→ **Problem to work on**
An exact copy of all the entries is needed, with no images in it.
BEGIN Records supplied
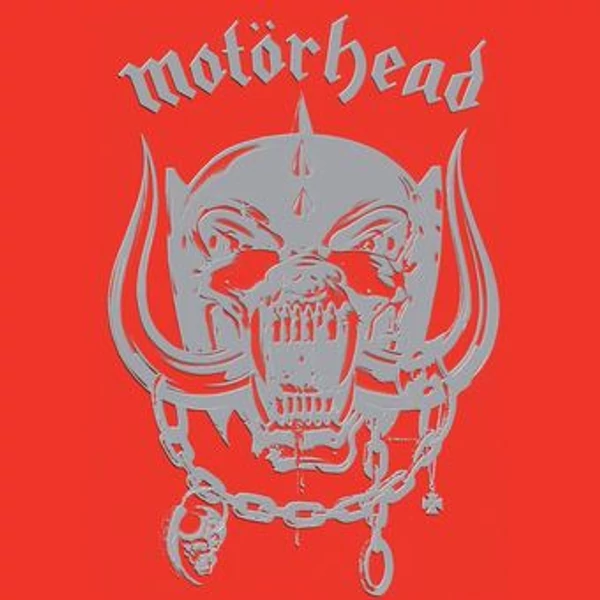 MOTORHEAD - MOTORHEAD (1LP, 50TH ANNIVERSARY VINYL EDITION)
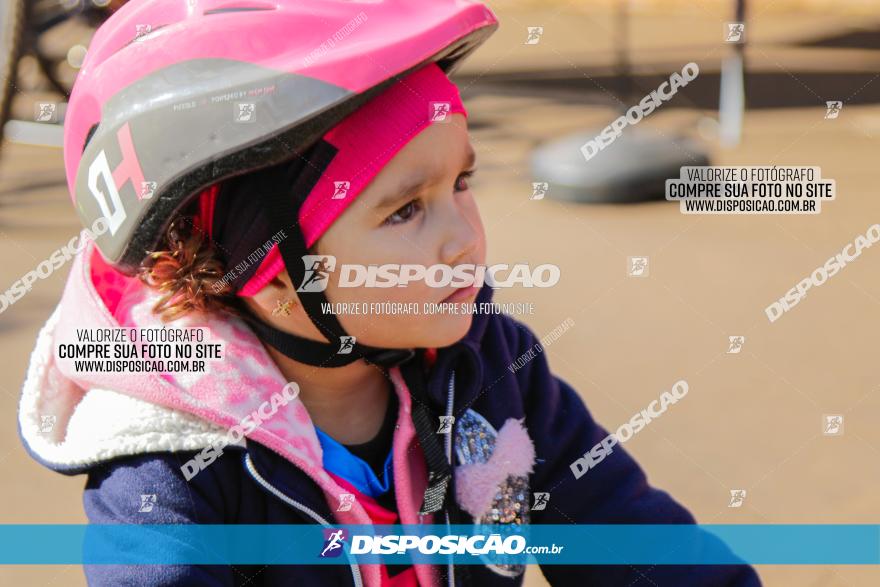 Circuito Regional de MTB - 2ª Etapa - Marumbi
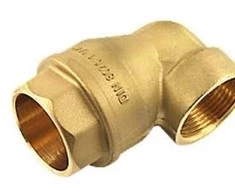 90° kampinis antgalis 50 mm x 1 1/2" - Isiflo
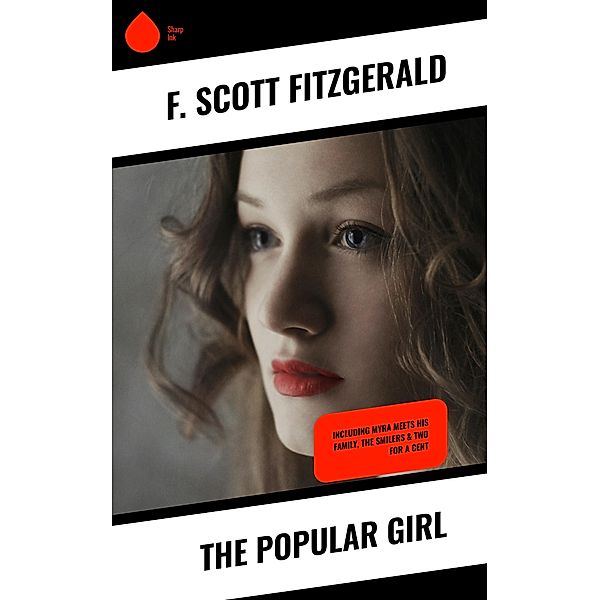 The Popular Girl, F. Scott Fitzgerald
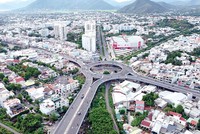 Thị trường bất động sản Khánh Hòa sôi động trước mục tiêu rút ngắn lộ trình trở thành Thành phố trực thuộc Trung ương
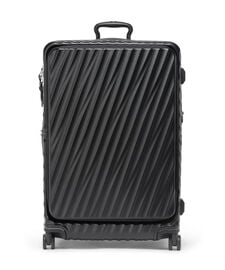 19 Degree Front Access Large Front Access Expandable Checked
END Records supplied
→ **Solution to this problem**
 MOTORHEAD - MOTORHEAD (1LP, 50TH ANNIVERSARY VINYL EDITION)
 Circuito Regional de MTB - 2ª Etapa - Marumbi
 90° kampinis antgalis 50 mm x 1 1/2" - Isiflo
 The Popular Girl, F. Scott Fitzgerald
 Thị trường bất động sản Khánh Hòa sôi động trước mục tiêu rút ngắn lộ trình trở thành Thành phố trực thuộc Trung ương
 19 Degree Front Access Large Front Access Expandable Checked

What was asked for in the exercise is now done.